Architecture tradeoffs
When choosing an architecture, consider the full workflow.
| Tradeoff | Classification | Detection | Segmentation |
|---|---|---|---|
| Annotation cost | Lowest | Medium | Highest |
| Output detail | Lowest | Medium | Highest |
| Training complexity | Often lowest | Medium to high | High |
| Inference speed | Often fastest | Depends on detector | Often slower |
| Good for locating defects | No | Yes, with boxes | Yes, with masks |
| Good for measuring exact area | No | Approximate | Yes |
The best architecture is the simplest one that answers the real question well enough.
Common mistakes
Here are a few traps to avoid:
- Using classification when location matters. A class label does not tell you where the defect is.
- Using segmentation when a label is enough. Pixel masks are expensive to label and maintain.
- Ignoring class imbalance. Rare defects may need weighted loss, focal loss, more data, or threshold tuning.
- Choosing a loss function without considering the use case. The loss should support the metric and mistake costs that matter.
- Trusting training loss alone. A low training loss does not prove the model works on new images.
- Ignoring annotation quality. Bad boxes or masks can limit model performance.
- Comparing architectures unfairly. Use the same train, validation, and test splits when comparing models.
- Overlooking deployment constraints. A highly accurate model may be too slow or too large for the production environment.
A practical CNN workflow
When starting a computer vision project, use a repeatable workflow.
- Define the task. Decide whether the problem is classification, detection, or segmentation.
- Inspect the images. Check resolution, lighting, focus, file types, and artifacts.
- Inspect labels. Check class balance, annotation consistency, and missing labels.
- Choose a starting architecture. Use a simple baseline or a pretrained model.
- Choose the loss function. Match the task and use case.
- Train on a small baseline. Confirm the pipeline works before scaling up.
- Evaluate with the right metric. Use recall, precision, F1, IoU, mAP, Dice, or another appropriate measure.
- Review errors with domain experts. Look at false negatives, false positives, and confusing examples.
- Adjust data, loss, thresholds, or architecture. Make changes based on evidence.
- Document decisions. Record why the model, loss, metric, and architecture were chosen.
Summary
CNNs are neural networks designed for grid-like data such as images. Convolutional filters learn local patterns such as edges, textures, corners, and shapes. Pooling can reduce spatial size while keeping strong signals. CNN-based systems may solve classification, object detection, or segmentation tasks depending on what output the workflow requires.
| Topic | Key ideas |
|---|---|
| Image tensor | Numeric grid with height, width, and often channels |
| NCHW / HWC | PyTorch commonly uses batch-channel-height-width; plotting often uses height-width-channel |
| Convolution | Applies learned filters over local regions |
| Pooling | Reduces spatial size while preserving strong responses |
| Classification | Predicts one or more labels for an image |
| Object detection | Predicts boxes and labels for objects |
| Segmentation | Predicts a label for each pixel or region |
| Architecture tradeoff | Accuracy, speed, memory, annotation cost, interpretability |
Practice Questions
Practice Questions
- Why are images different from spreadsheet rows?
- What does N×C×H×W mean?
- Why do convolutional filters help with images?
- What does pooling do?
- What are the main parts of a typical CNN classifier?

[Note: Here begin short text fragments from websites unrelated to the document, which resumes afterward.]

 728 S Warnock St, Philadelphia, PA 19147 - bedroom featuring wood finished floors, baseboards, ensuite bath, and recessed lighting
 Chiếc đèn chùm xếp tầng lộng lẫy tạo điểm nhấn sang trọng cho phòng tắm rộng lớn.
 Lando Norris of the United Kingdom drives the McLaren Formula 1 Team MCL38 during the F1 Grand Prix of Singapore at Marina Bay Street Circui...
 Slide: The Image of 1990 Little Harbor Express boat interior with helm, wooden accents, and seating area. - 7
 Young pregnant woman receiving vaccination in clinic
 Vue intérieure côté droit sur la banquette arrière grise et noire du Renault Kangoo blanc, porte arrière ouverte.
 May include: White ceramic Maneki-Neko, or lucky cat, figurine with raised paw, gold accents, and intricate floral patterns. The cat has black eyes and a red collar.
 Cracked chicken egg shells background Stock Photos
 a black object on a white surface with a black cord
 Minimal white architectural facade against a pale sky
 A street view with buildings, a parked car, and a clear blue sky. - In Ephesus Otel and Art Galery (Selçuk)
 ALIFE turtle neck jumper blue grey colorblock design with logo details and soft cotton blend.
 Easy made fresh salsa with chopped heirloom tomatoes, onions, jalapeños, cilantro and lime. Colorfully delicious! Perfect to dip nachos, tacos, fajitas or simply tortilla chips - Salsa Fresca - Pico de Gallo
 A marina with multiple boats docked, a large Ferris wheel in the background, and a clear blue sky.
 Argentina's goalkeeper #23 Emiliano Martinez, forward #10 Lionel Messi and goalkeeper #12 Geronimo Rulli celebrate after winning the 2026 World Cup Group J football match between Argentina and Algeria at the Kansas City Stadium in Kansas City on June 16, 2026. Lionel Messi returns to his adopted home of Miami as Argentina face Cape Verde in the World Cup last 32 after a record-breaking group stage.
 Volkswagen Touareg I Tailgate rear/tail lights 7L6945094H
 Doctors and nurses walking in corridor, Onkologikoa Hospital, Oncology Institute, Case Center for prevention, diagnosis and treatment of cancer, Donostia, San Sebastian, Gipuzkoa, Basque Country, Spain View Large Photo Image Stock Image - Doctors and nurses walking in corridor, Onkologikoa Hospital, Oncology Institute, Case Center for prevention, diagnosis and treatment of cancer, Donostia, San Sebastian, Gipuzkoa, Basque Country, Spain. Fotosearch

- What is the difference between image classification and object detection?
- What is the difference between semantic and instance segmentation?
- When might U-Net be a good starting architecture?
- Why might tiny-defect segmentation need a loss beyond ordinary cross entropy?
- Choose classification, detection, or segmentation for a weld-inspection use case and explain your choice.